WhoisParsing
What (summary)
Pull out all pieces of information from the whois record across all domain registrars. WhoisParsing is one Task in the larger WhoisRefresh Project.
Why this is important
- This project will help us get access to whois record fields (like administrative contacts, technical contacts, domain info, etc. ) that could be used to update the information of all the web pages currently hosted in AboutUs.
- Add more fields to the domain like expire date etc.
- Gives us mastery over our technology. We can change it easily, or adapt it for a different problem.
- Allows us to turn off Apache and the large Java tomcat process on our database master.
DoneDone
- A stable of interesting test cases for each of the largest 50 registrars have been created and hand audited.
- All of the test cases are passing.
Dec 3, 2007
Objectives
- Update the default parser and contact parser to cater the failing cases specially hashed one.
Nov 30, 2007
Objectives
- Make the ContactParser fast. The current problem is that RE has to many optional things.
- Run the latest parser on the 9000 Whois Records and do an analysis on the time taken, and the failed results.
Achieved
- After tweaking the ContactParsers a bit, it seems to be working much faster now. The stats after running the Parser(this includes applying the ContactParsers)on 8777 records are
- Contact Information Extracted : 7475
- Contact Information Not Extraceted : 1302
- Time taken in seconds is: 688.200859
Status of Failing Cases
Out of the total 1302 failing records, around 70% dont have any data associated with them i.e.

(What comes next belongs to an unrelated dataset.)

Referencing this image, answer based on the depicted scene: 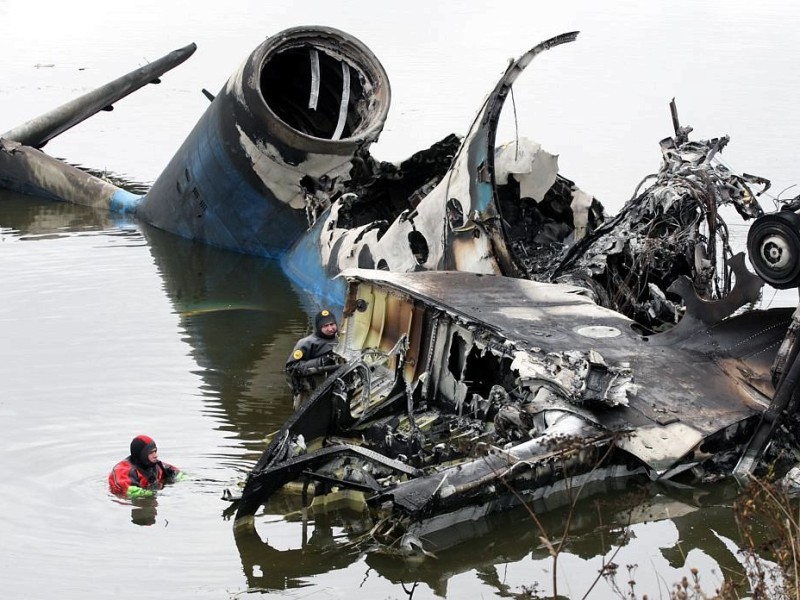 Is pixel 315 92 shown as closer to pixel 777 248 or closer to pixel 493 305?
pixel 493 305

- Empty Whois Record : 849 (65.2%)
- No Contact Information : 45 (3.4%)
Remaining are the files that have the contact information that could not be parsed by the DefaultParser
- Hashed kind of information that can be catered : 232 (17.8%)

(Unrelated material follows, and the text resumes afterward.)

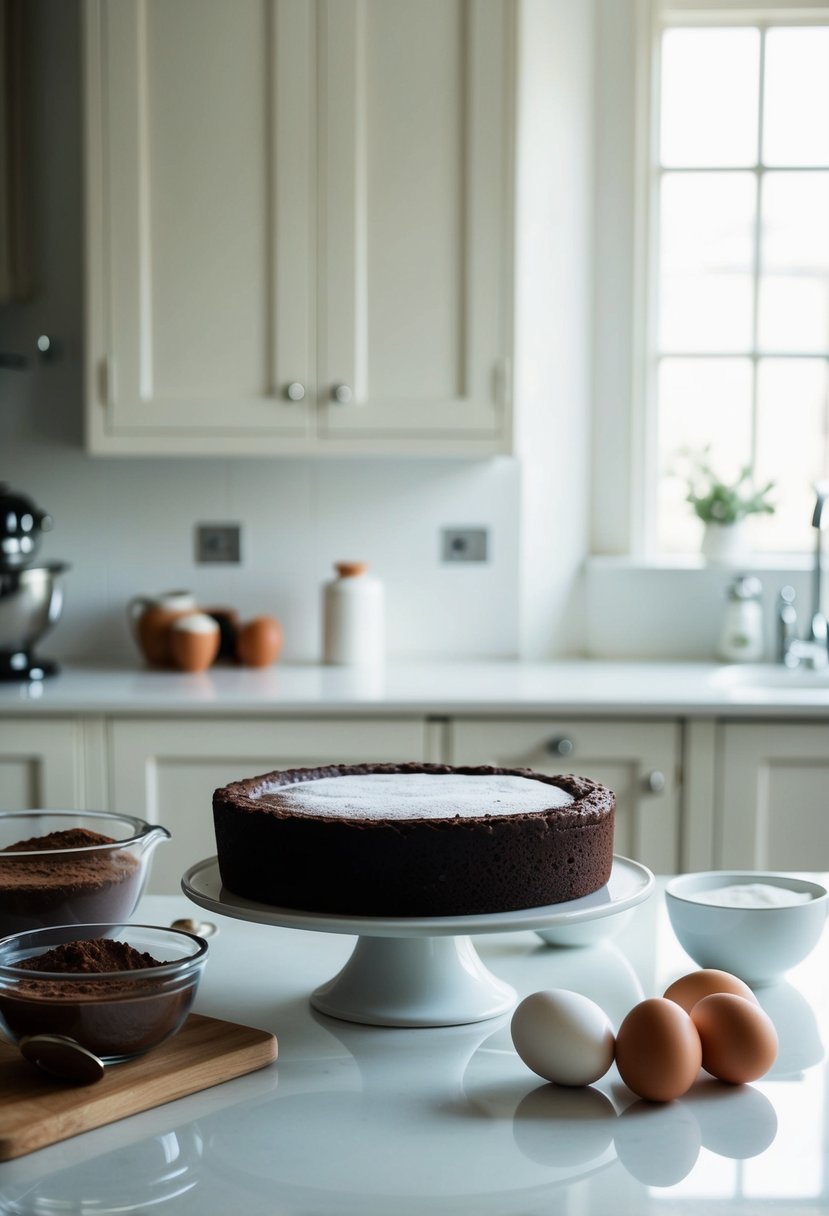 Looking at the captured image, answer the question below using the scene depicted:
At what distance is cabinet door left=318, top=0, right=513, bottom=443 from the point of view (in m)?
2.52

- Only Contact Info available under heading of "Contact Info(rmation):": 3 (0.2%)
- Easy, can be handled : 156 (11.9%)
- Improper Format : 17 (1.3%)
Nov 29, 2007
Objectives
- Merge the ContactParser with the remaining 10 parsers. Arif|Hassan
- Write tests to verify that the WhoisParser never crashes. Laiq
- Co-ordinate with Ali Aslam|Jason Parmer to fetch around 2000 and run the whoisrefresh on them
Nov 28, 2007
Objectives
Today would be a great day if we can accomplish the following
- Test the Contact Parser function that applies all the contact parsers serially.(Generic ContactParser) Arif
- Get the 20 tests passing for the Default Parser. Laiq
- Remove the parse contact function from the registrar parser and call the ContactParser class for parsing the contact information. Hassan|Arif
Achieved
- The tests for Default Parser are passing.

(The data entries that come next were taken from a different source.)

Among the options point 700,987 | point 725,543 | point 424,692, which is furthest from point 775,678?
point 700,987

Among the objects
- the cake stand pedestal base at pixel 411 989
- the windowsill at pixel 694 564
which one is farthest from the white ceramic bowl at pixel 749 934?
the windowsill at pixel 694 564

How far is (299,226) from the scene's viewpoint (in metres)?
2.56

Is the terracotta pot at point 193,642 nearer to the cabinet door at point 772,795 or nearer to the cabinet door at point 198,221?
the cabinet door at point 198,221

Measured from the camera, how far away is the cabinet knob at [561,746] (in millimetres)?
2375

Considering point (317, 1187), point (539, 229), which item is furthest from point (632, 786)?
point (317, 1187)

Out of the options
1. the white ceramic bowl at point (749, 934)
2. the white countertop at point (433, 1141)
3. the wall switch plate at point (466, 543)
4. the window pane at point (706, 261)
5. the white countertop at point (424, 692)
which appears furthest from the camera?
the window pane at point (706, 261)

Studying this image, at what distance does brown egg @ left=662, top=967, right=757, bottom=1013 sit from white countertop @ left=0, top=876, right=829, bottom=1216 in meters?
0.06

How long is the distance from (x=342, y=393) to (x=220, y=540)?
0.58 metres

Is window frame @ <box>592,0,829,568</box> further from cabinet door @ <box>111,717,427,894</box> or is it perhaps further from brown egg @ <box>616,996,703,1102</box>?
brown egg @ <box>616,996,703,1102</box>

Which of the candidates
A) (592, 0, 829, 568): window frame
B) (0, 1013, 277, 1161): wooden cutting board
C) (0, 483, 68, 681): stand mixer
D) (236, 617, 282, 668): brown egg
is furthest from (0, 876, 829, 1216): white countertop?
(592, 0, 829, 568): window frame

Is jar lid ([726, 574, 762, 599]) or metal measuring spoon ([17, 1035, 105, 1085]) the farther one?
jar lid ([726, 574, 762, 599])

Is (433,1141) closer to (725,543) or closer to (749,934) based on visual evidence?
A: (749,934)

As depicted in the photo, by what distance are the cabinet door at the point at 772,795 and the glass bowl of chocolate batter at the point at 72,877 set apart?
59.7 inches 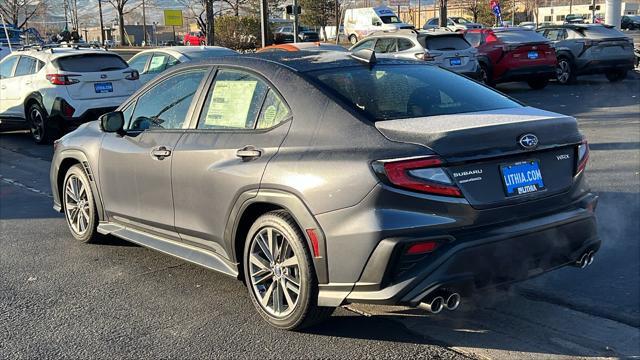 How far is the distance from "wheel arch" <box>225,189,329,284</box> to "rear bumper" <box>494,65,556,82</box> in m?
14.1

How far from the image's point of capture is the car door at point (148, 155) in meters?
4.67

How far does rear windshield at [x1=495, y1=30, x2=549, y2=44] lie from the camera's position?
17172mm

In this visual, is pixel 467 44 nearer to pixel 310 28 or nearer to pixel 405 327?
pixel 405 327

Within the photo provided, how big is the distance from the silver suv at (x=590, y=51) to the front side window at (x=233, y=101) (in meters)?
15.6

- Contact Parser function has been tested, It is passing 27 out of 27 tests written for it.
- Merged parse contact function of around 30 parsers.
Nov 27 2007
Objectives
Today would be a great day if we can accomplish the following
- Write 20 tests for the Default Parser. Laiq
- Write the all possible contact parsers in a single ContactParser class and write its test cases. Write RE's in a way that it caters more cases and is not restricted. Arif | Hassan
Achieved
- Tests for the default parser written but they still need to be passed.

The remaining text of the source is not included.